Mechanically Programmable Composite Metamaterials with Switchable Positive/Negative Poisson's Ratio

Abstract Design of mechanical metamaterials with a negative Poisson's ratio (NPR), known as auxetics, is of great importance in the development of flexible electronics and tissue engineering. However, the mechanical performance of conventional auxetic metamaterials is largely hindered by the high porosity and lack of tunability, which restricts their practical engineering applications. Here, this study presents a programmable approach for designing integrated two‐phase auxetic composite metamaterials with pore‐free structure, robust interfaces, and customized mechanical properties by substituting the vacancy of the auxetic lattices (frame phase) with hydrogel‐based soft fillers (matrix phase). Manipulated by two‐phase stiffness contrast, integrated composite metamaterials exhibit a functional transition between auxetic and non‐auxetic behaviors.
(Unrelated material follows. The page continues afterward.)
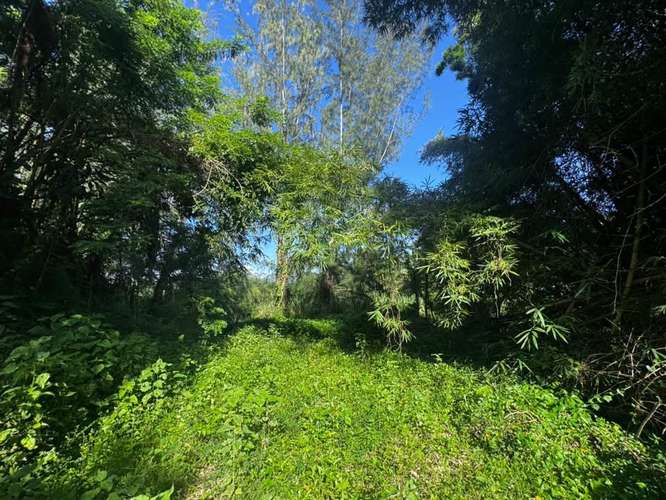 FINCA EN VENTA EN CAGUAS, 6.5101 CUERDAS! - Imagen 9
Rationally designing Young's modulus ratios in spatial domains endows the programming of composite metamaterials with the desired spatial heterogeneity. Furthermore, the incorporation of temperature‐responsive hydrogels to auxetic frames also enbles the development of dynamic programmable composites with the thermo‐driven adaptability. As a practical application demonstration, designed programmable composites are used to dynamically tune the phononic bandgaps. The design strategy of integrated two‐phase composite metamaterials paves the way for the development of advanced auxetic engineering materials with programmable mechanical properties, providing opportunity for conformal electronic patches, bio‐scaffolds, and smart functionality applications.